Date of Award

Summer 8-6-2013

Degree Type

Dissertation

Degree Name

Ph.D.

Degree Program

Engineering and Applied Science

Department

Mechanical Engineering

Major Professor

Ting Wang

Abstract

The United States holds the world's largest estimated reserves of coal and is also a net exporter of it. Coal gasification provides a cleaner way to utilize coal than directly burning it. Gasification is an incomplete oxidation process that converts various carbon-based feedstocks into clean synthetic gas (syngas), which can be used to produce electricity and mechanical power with significantly reduced emissions. Syngas can also be used as feedstock for making chemicals and various materials.

A Computational Fluid Dynamics (CFD) scheme has been used to simulate the gasification process for many years. However, many sub-models still need to be developed and improved.
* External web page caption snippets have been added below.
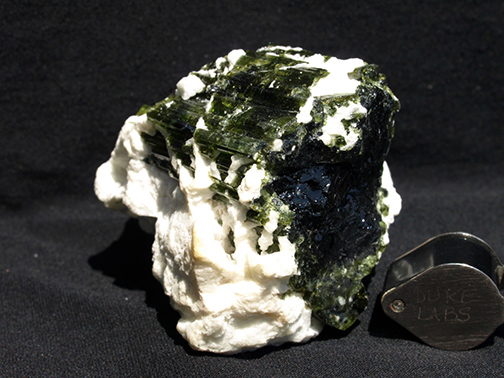 %_tempFileName1196a_Tourmaline%20var%20Elbaite_MinasGerais_Brazil%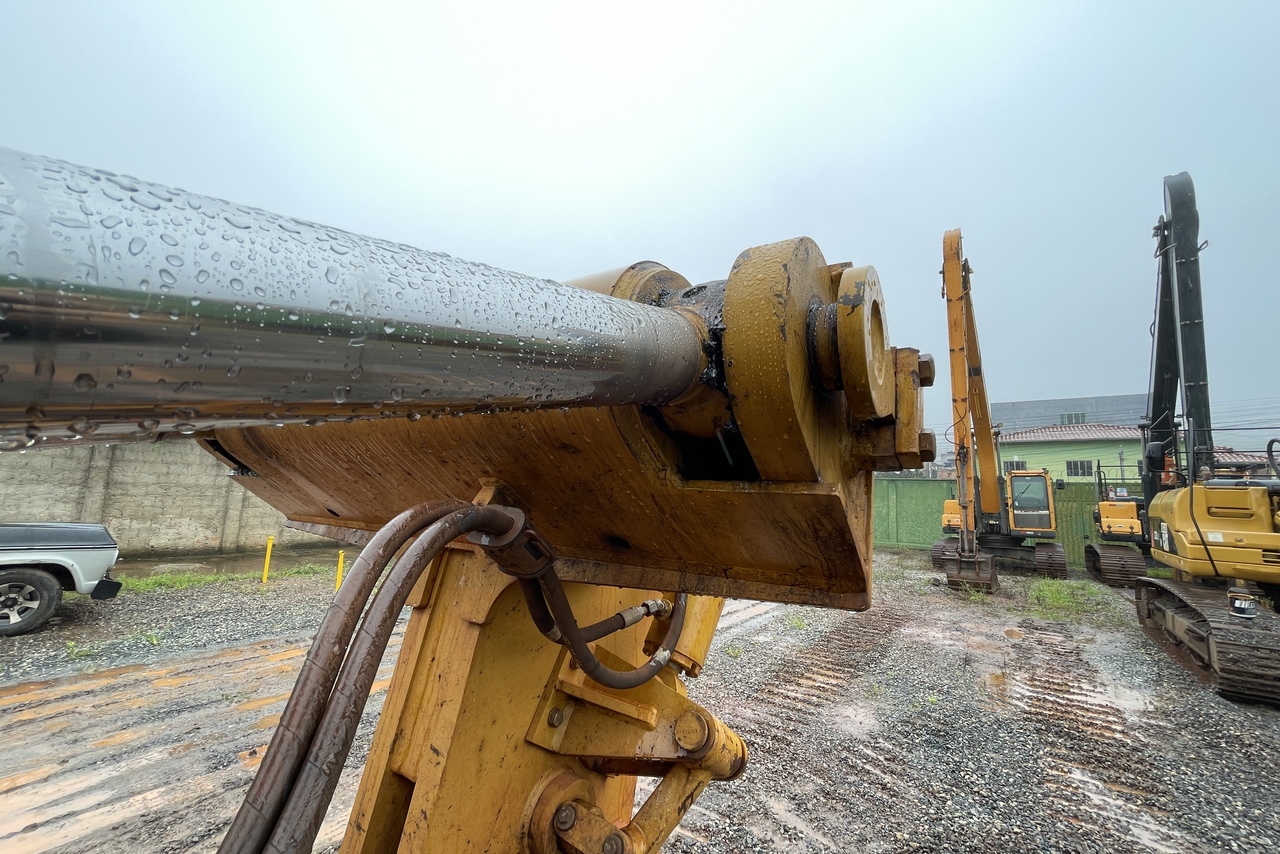 Caterpillar D8T - 20/20 13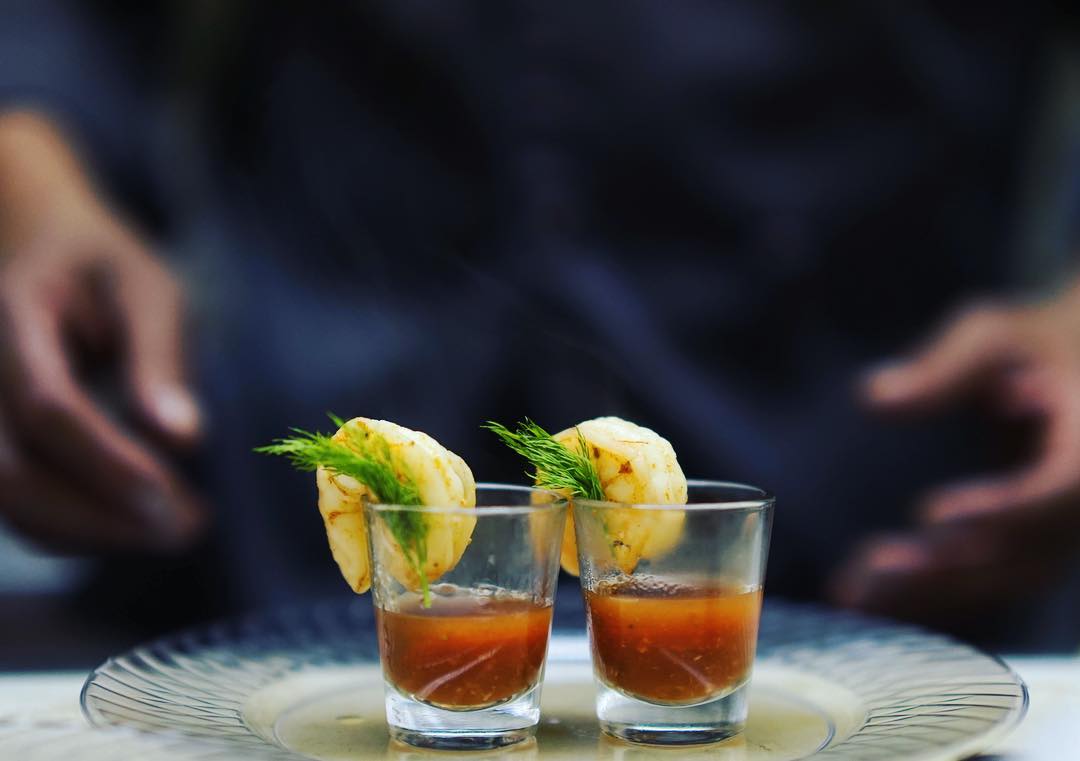 How about some #delicious #shrimp 🍤 for diner?
The sauce is regular cocktail sauce with some #bloddymary mix. Book me for your next party!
The objective of this study is to use the improved CFD modeling to understand the thermal-flow behavior and the gasification process and to provide guidance in the design of more efficient and cheaper gasifiers.

Fundamental research has been conducted to improve the gasification sub-models associated with the volatile thermal cracking, water-gas-shift (WGS) reaction, radiation effect, low-rank-coal gasification, coal to synthetic-natural-gas (SNG), and ash deposition mechanisms. The improved volatile thermal cracking model includes H2S and COS contents. A new empirical WGS reaction model is developed by matching the result with experimental data. A new coal demoisturization model is developed for evaporating the inherent moisture inside the coal particles during low-rank-coal gasification. An ash deposition model has also been developed. Moreover, the effect of different radiation models on the simulated result has been investigated, and the appropriate models are recommended.

Some improved model tests are performed to help modify an industrial entrained-flow gasifier. A two-stage oxygen feeding scheme and a unique water quench design are investigated. For the two-stage oxygen feeding design, both experimental data and CFD predictions verify that it is feasible to reduce the peak temperature and achieve a more uniform temperature distribution in the gasifier by controlling the injection scheme without changing the composition and production rate of the syngas. Furthermore, the CFD simulation can acceptably approximate the thermal-flow and reaction behaviors in the coal gasification process, which can then be used as a preliminary screening tool for improving existing gasifiers’ performance and designing new gasifiers.

Rights

The University of New Orleans and its agents retain the non-exclusive license to archive and make accessible this dissertation or thesis in whole or in part in all forms of media, now or hereafter known. The author retains all other ownership rights to the copyright of the thesis or dissertation.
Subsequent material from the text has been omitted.